Stored data
☆ ☆ ☆ ☆

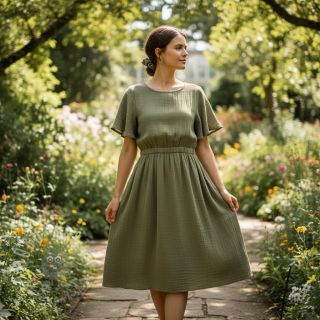 Muślin double gauze moss green ORGANIC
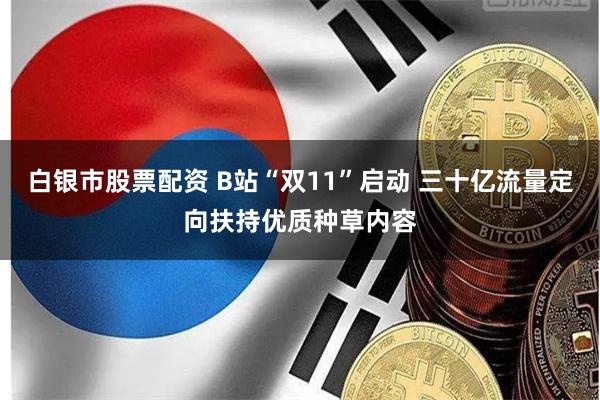 白银市股票配资 B站“双11”启动 三十亿流量定向扶持优质种草内容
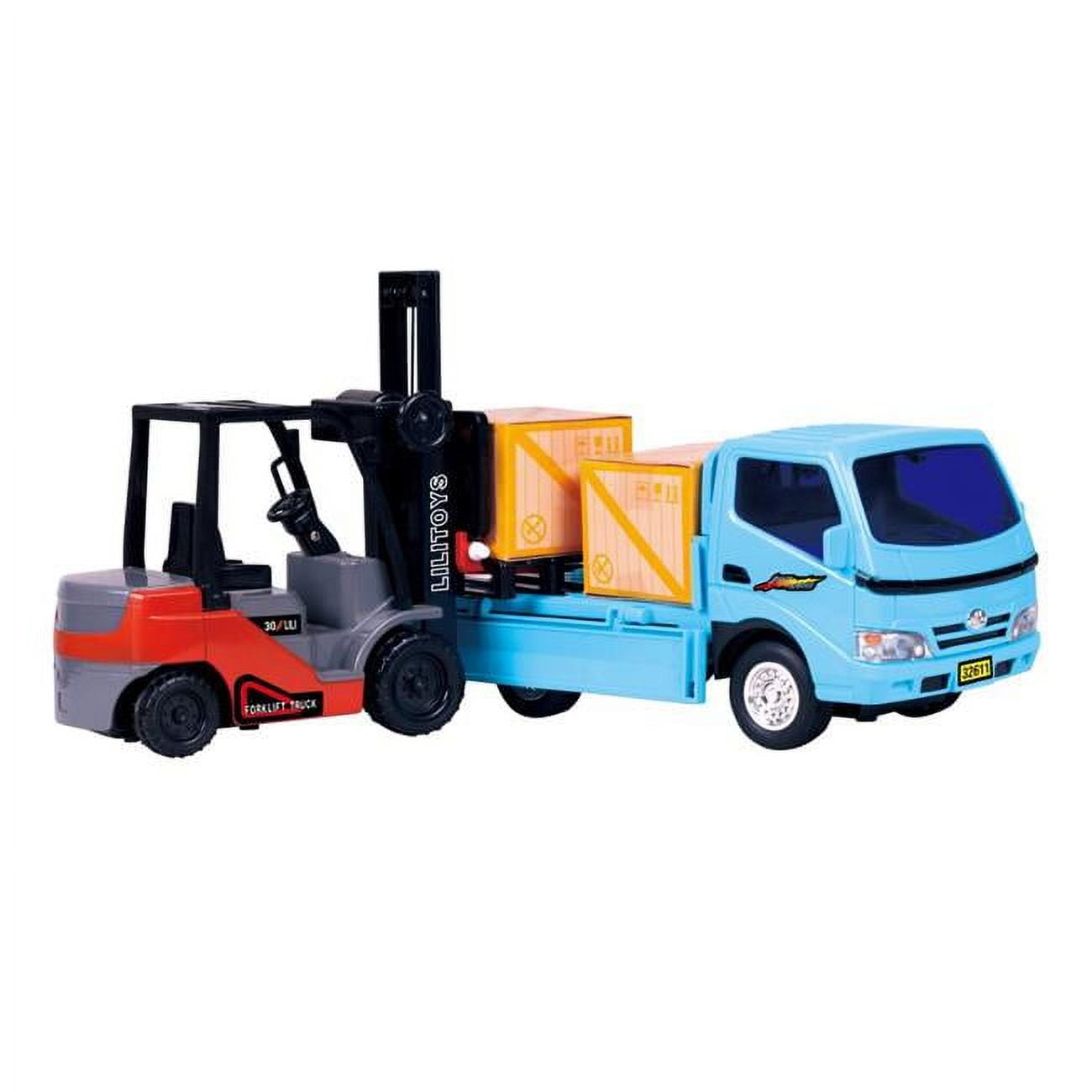 T526 Friction Powered Forklift & Truck Play Set Vehicle With 2 Cargo Box & A Pallet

☆ ☆ ☆ ☆

Exactly as given, transcribe every line of the data, but not its images.

Reply
 Muślin double gauze moss green ORGANIC
 白银市股票配资 B站“双11”启动 三十亿流量定向扶持优质种草内容
 T526 Friction Powered Forklift & Truck Play Set Vehicle With 2 Cargo Box & A Pallet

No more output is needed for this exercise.